Meaghan Kempson just got back from her first camping trip.
For most, their first camping trip will be somewhere local, somewhere nice and easy to access.
Miss Kempson is not like most people.
Her first camping trip was a trek deep into the Papuan jungle, doing the Kokoda Trail.
Despite very little hiking experience, she spent 10 days trekking through torrential rain, incredible humidity and thick mud.
The 21-year-old was born in Orange but is currently studying PE teaching at Charles Sturt University in Bathurst.
Her trip was organised through the Kokoda Youth Leadership Challenge, a challenge funded by RSL Australia, and she got involved through the Orange Ex-Services Club.
“It was most life changing experience I’ve ever had, it gives you a whole new perspective on life,” she said.
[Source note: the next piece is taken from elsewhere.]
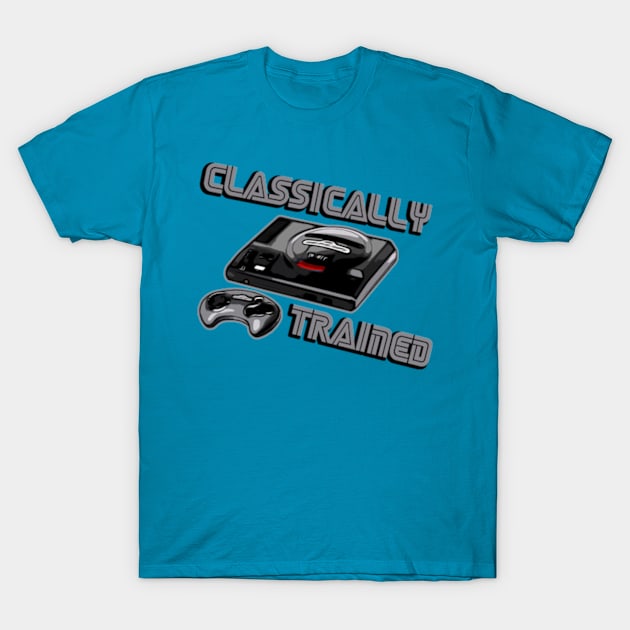 Classically Trained Gen T-Shirt by Gamers Gear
She said she wasn’t too fussed by the shock to the system and “just dealt with it” – however, some didn’t. Two hikers had to be evacuated after the second day.
Swapping near-zero temperatures around Orange for the sweltering humidity of Papua New Guinea was also a shock, but she said the “team mentality” made it a lot easier.
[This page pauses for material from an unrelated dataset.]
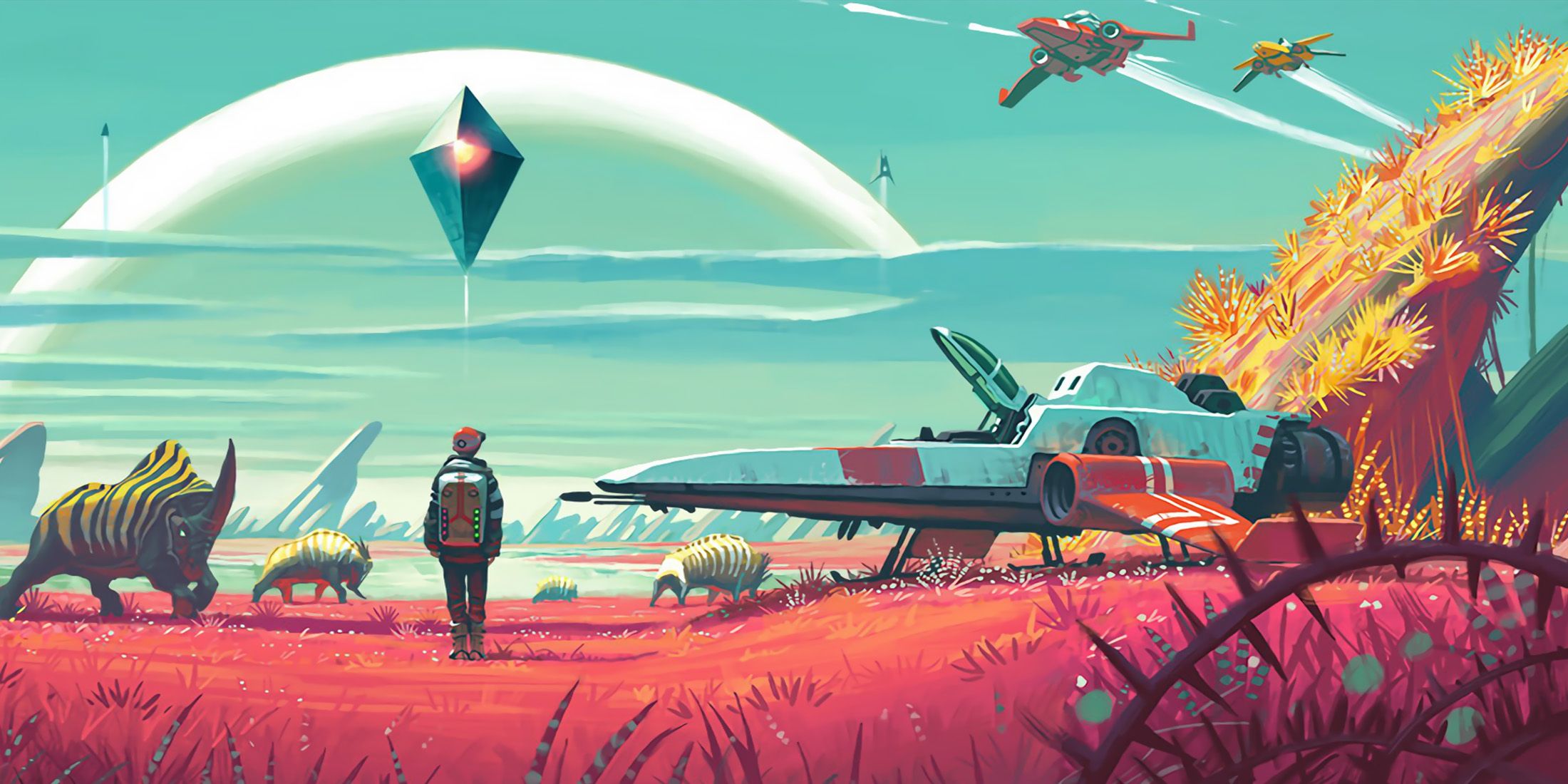 Игрок No Man's Sky находит Атлас в необычном месте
“There were some who weren’t as fit as the other but got through due to the help we gave each other,” she said.
Miss Kempson gave as good as she got on the morale front, winning an award for boosting team morale.
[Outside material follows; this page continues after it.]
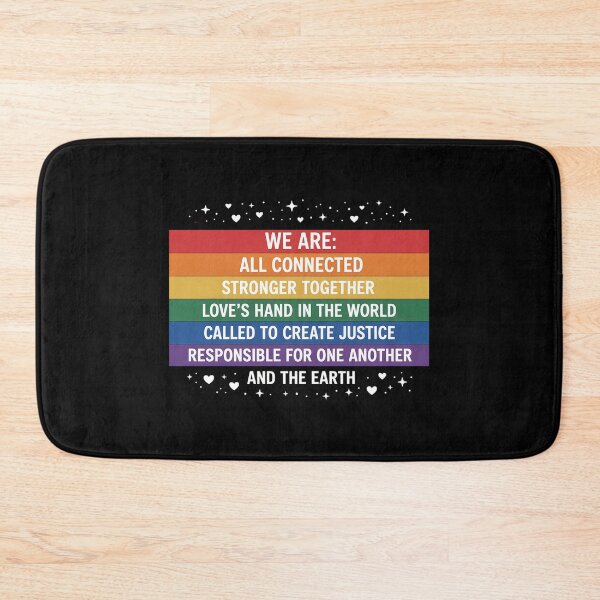 Item preview, Human Rights Equality Social Justice Support designed and sold by comptorasunfia.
“The company we did it through [Adventure Kokoda], were also fantastic.”
She also made a video of her trek, using a go-pro and photos taken by her and by guides.
The remoteness of the trek was one of Miss Kempson’s highlights.
“The way I look at it is with most shrines, anyone can jump in and visit, but only a privileged group of people get to go to Kokoda.”
One of the most special moments was was visiting Isurava Shrine, where one of the largest battles of the campaign was fought.
A massive memorial hewn into the side of the cliff, Isurava is marked with four stones, carved with the words endurance, mateship, sacrifice, courage.
“Sitting there at midnight looking out into the ridgeline… it’s something you can’t put into words,” she said.
She said while her family “were a bit nervous” they were supportive of the trek.
“I can’t thank them enough, mum would walk and hike with me for training,” she said.